In our group, we have tried to elucidate the riddle of planetesimal formation by carrying out computer simulations of the process whereby cosmic dust particles collide and coalesce. We are studying how easily dust particles stick together, and what sort of internal structure they have. When we start from micron size particles, and they grow through repeated coalescence, an aggregate of particles is formed (Fig. 1). This results in the appearance of the cosmic dust present at the initial stage of planet formation. The reason why this sort of dust sticks together is not gravity, but rather the chemical bonding force which acts between the molecules making up the particle.
The computer simulations of dust coalescence and growth we have carried out have shown that dust evolves into a structure with an extremely large amount of empty space. Previously, it was thought that empty spaces would be easily compressed due to the force of collision, but we have found that compression does not progress very far.
Based on our computer simulation, it was shown that dust with a large amount of empty space sticks together extremely easily. If the collision speed between dust particles is sufficiently high, the particles do not coalesce and instead are broken into small pieces. The maximum collision speed where dust can coalesce was investigated through computer simulation, and the results were surprising. Dust particles comprised of ice could coalesce without breaking provide the collision speed was at or below 200 km/hour. Even in the case of dust comprised mainly of rock, the same results are obtained when the outsides of the particles are covered with ice. One reason for this result—i.e., that sticking can occur even with high-speed collisions—is the dust's structure with a large amount of empty space. Due to this structure, it is possible to smoothly absorb the shock when a collision occurs. Another important factor is the fact that dust is comprised of extremely small micron-size particles. If dust is made of small particles, the total area of contact between individual particles increases. This results in higher bond energy of all particles, and makes the structure difficult to break.
Because dust can easily stick together in this way, we are advocating the theory that planetesimals are formed only though growth via sticking, and the process is not aided by gravity.
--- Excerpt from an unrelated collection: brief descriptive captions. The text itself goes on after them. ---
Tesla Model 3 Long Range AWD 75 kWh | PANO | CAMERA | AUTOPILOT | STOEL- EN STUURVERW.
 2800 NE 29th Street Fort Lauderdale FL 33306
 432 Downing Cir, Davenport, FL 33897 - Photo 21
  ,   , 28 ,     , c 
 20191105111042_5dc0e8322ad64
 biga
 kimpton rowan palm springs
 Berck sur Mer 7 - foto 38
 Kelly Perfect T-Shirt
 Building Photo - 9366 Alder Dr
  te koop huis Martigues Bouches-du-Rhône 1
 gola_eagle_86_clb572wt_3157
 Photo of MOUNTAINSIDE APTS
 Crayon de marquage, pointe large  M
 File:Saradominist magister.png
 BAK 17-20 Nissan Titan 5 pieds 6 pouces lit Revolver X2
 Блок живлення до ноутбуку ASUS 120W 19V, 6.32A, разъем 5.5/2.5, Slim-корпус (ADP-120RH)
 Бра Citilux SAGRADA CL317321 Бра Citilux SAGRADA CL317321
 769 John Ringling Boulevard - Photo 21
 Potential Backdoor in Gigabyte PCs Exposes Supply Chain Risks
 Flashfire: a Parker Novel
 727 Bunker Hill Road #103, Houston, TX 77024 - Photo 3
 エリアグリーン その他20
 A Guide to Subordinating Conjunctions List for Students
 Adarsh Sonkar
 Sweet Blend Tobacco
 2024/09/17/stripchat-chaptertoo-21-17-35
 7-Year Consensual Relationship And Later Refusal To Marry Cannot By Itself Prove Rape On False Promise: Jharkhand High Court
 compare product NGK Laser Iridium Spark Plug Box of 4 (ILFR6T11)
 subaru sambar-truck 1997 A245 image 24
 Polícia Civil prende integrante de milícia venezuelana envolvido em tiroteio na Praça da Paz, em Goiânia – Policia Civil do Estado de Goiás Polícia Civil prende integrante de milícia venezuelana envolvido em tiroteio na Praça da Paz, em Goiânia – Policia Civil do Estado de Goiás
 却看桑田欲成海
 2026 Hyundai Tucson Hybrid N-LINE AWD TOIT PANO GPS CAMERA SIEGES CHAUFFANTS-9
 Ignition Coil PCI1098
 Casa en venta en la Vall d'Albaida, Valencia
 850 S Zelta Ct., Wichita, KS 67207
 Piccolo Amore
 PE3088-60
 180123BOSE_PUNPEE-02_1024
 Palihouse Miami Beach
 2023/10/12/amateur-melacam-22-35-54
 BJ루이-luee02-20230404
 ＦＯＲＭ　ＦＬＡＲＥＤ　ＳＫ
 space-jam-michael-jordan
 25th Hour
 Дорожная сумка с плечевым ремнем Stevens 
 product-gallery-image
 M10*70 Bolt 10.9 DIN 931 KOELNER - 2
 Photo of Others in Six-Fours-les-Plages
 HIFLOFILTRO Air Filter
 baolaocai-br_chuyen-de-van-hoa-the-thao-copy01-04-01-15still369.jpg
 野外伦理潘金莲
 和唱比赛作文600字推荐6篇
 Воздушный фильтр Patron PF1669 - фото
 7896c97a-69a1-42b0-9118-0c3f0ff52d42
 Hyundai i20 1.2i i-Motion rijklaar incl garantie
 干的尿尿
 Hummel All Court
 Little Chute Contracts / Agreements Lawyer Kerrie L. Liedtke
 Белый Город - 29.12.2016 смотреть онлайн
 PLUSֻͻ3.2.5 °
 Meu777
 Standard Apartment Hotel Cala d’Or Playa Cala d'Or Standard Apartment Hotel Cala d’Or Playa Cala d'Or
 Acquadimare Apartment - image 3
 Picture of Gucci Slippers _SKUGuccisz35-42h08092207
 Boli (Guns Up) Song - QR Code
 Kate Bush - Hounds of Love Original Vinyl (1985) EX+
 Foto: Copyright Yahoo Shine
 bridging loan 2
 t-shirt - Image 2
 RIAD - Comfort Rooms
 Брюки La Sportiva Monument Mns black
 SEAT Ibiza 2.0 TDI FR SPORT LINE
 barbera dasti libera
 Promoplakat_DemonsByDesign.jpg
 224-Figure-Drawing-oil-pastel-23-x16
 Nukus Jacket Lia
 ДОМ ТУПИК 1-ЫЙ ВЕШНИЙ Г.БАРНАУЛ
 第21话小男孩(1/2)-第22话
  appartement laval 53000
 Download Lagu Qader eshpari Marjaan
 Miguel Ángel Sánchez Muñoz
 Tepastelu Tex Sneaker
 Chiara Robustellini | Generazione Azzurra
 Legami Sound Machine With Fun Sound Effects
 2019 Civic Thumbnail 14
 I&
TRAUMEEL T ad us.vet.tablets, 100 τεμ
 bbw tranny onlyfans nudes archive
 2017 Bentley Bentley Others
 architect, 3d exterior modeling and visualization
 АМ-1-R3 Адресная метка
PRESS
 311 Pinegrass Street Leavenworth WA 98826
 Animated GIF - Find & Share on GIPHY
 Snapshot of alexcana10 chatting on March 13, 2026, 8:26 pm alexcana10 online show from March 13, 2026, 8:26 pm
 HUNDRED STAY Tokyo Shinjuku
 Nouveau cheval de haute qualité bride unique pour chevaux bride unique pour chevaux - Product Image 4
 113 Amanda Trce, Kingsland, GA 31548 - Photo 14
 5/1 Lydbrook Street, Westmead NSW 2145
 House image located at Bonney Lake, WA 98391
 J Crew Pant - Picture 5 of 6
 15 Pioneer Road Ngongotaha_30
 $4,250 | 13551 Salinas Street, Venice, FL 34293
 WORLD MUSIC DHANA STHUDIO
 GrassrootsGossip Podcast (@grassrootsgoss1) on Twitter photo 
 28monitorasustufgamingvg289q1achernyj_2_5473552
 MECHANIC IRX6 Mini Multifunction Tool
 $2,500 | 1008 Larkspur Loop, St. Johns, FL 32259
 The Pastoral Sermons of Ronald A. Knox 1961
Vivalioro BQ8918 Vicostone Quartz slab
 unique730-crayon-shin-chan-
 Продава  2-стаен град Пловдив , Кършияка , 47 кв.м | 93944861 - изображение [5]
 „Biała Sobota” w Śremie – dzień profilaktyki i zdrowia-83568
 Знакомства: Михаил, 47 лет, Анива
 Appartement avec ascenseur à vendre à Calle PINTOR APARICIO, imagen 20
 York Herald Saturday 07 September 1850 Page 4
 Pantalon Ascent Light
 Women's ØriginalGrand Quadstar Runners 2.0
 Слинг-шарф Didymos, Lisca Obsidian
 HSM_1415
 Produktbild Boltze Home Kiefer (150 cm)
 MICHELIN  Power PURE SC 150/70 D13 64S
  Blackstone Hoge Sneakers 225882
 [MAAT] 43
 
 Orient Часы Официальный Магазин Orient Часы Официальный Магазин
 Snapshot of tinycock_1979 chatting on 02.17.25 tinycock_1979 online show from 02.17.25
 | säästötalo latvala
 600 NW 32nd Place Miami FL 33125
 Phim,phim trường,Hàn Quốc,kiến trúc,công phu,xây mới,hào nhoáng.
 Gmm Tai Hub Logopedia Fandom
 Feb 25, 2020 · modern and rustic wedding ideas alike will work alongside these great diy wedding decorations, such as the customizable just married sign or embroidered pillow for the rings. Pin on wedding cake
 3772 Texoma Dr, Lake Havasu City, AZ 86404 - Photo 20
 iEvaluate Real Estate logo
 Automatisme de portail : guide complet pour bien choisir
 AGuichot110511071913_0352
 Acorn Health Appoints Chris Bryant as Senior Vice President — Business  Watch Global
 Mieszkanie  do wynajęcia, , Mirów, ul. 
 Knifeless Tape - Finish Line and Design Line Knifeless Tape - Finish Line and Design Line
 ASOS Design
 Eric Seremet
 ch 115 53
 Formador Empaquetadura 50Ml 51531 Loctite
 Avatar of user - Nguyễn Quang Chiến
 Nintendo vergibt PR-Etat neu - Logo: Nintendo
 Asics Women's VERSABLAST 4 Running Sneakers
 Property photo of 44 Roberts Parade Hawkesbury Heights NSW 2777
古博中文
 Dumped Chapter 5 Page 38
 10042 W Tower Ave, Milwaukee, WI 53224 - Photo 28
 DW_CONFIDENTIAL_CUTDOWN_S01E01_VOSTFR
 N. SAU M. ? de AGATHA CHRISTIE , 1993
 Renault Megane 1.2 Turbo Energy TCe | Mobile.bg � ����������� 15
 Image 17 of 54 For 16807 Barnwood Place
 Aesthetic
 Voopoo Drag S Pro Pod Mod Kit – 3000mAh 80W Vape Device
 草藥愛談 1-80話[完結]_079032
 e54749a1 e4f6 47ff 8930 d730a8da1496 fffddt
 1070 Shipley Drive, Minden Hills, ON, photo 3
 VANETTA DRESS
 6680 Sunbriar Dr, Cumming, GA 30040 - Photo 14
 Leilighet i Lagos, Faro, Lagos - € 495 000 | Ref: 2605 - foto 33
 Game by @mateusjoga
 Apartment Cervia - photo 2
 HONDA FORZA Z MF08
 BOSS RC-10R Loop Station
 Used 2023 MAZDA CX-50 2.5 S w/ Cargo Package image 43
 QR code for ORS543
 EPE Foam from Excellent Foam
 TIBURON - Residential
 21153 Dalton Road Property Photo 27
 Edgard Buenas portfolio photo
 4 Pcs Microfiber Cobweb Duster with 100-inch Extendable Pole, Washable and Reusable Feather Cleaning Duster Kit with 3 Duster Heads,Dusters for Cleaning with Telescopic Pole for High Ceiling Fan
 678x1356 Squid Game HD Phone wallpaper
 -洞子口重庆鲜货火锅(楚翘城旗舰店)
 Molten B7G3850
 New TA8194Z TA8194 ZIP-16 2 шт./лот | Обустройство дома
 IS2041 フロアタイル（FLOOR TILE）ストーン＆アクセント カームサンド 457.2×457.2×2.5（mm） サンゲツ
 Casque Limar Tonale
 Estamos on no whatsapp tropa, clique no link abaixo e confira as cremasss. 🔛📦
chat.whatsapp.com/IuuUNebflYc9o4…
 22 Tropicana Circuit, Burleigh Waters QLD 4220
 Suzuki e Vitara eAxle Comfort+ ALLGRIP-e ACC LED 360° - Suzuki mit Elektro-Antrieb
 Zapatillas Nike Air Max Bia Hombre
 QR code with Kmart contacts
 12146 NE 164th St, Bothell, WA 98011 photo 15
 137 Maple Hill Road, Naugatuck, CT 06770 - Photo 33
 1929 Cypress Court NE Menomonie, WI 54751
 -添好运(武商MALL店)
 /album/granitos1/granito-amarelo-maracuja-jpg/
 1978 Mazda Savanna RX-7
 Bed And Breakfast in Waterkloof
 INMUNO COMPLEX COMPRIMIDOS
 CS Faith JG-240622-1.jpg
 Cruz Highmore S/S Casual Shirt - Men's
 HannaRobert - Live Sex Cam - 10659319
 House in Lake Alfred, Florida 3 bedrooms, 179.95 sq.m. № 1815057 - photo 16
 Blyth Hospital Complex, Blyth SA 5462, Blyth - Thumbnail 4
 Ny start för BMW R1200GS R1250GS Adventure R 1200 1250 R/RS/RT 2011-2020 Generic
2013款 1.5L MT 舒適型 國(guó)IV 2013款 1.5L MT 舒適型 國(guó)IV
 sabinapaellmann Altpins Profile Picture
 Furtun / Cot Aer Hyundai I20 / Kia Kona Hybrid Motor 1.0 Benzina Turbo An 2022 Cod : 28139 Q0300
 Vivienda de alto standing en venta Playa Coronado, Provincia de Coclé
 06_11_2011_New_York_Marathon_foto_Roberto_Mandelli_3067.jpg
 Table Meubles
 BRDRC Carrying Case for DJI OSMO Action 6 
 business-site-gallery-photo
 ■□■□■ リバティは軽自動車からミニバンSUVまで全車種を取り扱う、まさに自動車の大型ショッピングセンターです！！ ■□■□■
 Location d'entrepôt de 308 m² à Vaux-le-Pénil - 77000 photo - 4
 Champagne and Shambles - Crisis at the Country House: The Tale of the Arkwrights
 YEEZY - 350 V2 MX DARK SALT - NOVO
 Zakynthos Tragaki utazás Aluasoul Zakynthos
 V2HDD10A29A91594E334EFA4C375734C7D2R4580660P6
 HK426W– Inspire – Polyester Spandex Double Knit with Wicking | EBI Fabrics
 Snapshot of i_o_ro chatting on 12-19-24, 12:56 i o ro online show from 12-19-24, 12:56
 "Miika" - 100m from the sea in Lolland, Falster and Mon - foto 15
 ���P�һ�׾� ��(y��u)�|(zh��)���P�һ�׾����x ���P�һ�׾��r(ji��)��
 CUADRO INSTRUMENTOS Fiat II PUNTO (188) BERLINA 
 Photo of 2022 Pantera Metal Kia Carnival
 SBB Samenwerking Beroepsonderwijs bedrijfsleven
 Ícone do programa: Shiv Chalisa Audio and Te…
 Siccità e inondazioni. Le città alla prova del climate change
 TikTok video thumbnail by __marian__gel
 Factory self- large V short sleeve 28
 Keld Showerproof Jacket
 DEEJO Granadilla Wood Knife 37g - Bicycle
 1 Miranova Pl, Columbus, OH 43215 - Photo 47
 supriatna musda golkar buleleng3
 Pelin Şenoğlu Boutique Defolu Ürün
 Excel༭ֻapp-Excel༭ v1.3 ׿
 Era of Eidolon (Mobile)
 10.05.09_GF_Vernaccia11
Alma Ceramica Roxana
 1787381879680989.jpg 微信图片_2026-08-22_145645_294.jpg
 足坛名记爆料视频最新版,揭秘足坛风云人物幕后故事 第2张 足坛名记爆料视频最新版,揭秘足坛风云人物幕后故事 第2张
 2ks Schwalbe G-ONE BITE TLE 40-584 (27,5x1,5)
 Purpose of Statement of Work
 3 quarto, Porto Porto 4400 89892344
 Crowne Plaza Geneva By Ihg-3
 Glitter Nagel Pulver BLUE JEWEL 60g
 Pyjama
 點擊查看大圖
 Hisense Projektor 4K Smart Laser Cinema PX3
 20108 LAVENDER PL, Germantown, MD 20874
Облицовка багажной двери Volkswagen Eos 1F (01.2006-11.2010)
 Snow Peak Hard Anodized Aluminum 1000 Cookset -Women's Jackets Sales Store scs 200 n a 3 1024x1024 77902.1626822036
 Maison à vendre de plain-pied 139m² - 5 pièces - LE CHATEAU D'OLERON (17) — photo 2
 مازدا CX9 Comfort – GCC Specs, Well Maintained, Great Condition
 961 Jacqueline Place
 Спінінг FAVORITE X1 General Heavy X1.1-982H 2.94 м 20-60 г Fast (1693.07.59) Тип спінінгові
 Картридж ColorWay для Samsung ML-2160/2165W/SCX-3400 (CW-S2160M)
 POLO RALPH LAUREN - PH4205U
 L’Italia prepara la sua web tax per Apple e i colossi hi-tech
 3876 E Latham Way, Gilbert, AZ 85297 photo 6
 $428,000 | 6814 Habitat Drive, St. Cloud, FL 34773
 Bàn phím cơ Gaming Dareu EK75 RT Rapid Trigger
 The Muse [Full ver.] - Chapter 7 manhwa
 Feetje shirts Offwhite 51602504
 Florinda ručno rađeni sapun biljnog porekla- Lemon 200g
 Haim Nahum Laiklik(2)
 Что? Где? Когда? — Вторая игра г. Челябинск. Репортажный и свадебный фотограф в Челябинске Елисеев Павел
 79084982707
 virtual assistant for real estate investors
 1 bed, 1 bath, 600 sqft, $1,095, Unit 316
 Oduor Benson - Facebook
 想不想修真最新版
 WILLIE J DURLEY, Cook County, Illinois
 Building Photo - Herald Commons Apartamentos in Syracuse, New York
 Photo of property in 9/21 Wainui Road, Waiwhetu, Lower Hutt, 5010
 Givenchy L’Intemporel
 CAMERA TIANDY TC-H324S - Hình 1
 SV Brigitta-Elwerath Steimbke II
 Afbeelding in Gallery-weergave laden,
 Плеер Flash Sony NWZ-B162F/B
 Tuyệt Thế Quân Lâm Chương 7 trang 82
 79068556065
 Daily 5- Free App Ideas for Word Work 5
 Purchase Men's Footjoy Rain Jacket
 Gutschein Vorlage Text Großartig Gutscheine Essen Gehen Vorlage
Since growth proceeds by sticking, the weakness of gravity presents no problem. In addition, adhesion growth of dust occurs quickly when the dust is enlarged due to the large amount of empty space, and thus the effect whereby dust falls into the star is not a problem. In this way, the adhesion growth theory allows us to smoothly resolve a point previously regarded as an issue.
Our next topic will be to use astronomical observations to verify the adhesion growth theory of planetesimal formation which we have proposed. Therefore, we are currently moving forward with a plan of directly confirming dust structured with a large amount of empty space during the growth process. This will be done by using infrared and radio telescopes to observe the gaseous nebulae around the young stars which are the site of planet formation. How can dust enlarged due to a large amount of empty space be seen with a telescope? To confirm such dust, what telescope should be used for observation, and how should it be used? While resolving these each of these issues in turn, we are moving toward elucidation of whether dust containing large amounts of empty space is actually present at the sites of planet formation.